Attracted by the way they carry themselves, the authority they wield and the respect they're accorded, he's happy to become part of the crew and, as he learns the ropes, both on the door and in the ring, so he begins to regain his self-respect and self-confidence. Perhaps (as he apes Taxi Driver in the mirror) a little too much so.

But, there's more trouble ahead than drunks in pork pie hats and foul-mouthed slappers. This is the Eighties, drugs are making their way into the clubs and, with a baby on the way and looking to make some easy money, Sparky's working an arrangement with camel coated local gangster Hennessy (Ronnie Fox).

So, when an angered Louis calls time on that little arrangement and Rob sticks it to Hennessy, things turn brutally nasty leaving aspiring writer Danny with difficult choices to make.

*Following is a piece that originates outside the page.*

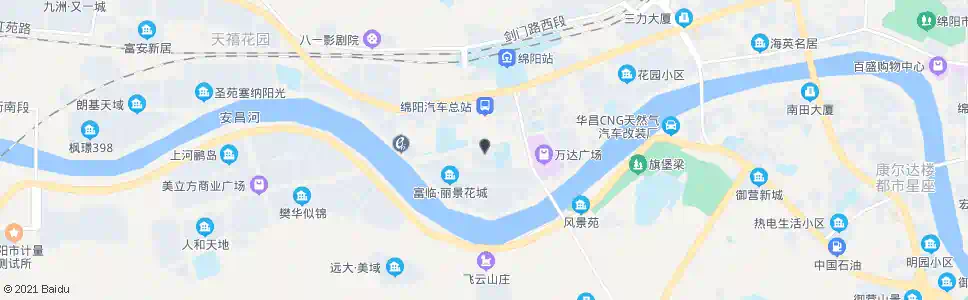 绵阳花园二社_公交站地图_绵阳公交_妙搜公交查询2025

Extensively filmed around Birmingham and based on former Coventry boxer-turned-bouncer Geoff Thompson's autobiography, Watch My Back (which also fuelled BAFTA nominated short Bouncer in which Fox and Parkes both appeared) for all the copious brutal violence with heads being kicked and bleach swigged, this is essentially a drama about turning your life around with pertinent observations about masculinity and community social responsibility.

Reeking with authentic period atmosphere, a rich ska based soundtrack and featuring unshowy but solid performances, it draws you in to the lives and friendships on screen, sustaining an edge of menace but also finding room for humour. Technically, it can be a little on the rough side and some of the dialogue could have done with another pass. Equally an episode at the club involving two of Danny’s workmates (and featuring unreconisable Neil Morrissey) is more than surplus to requirements and, at the end of the day, its moral about retribution and violence is all rather muddy.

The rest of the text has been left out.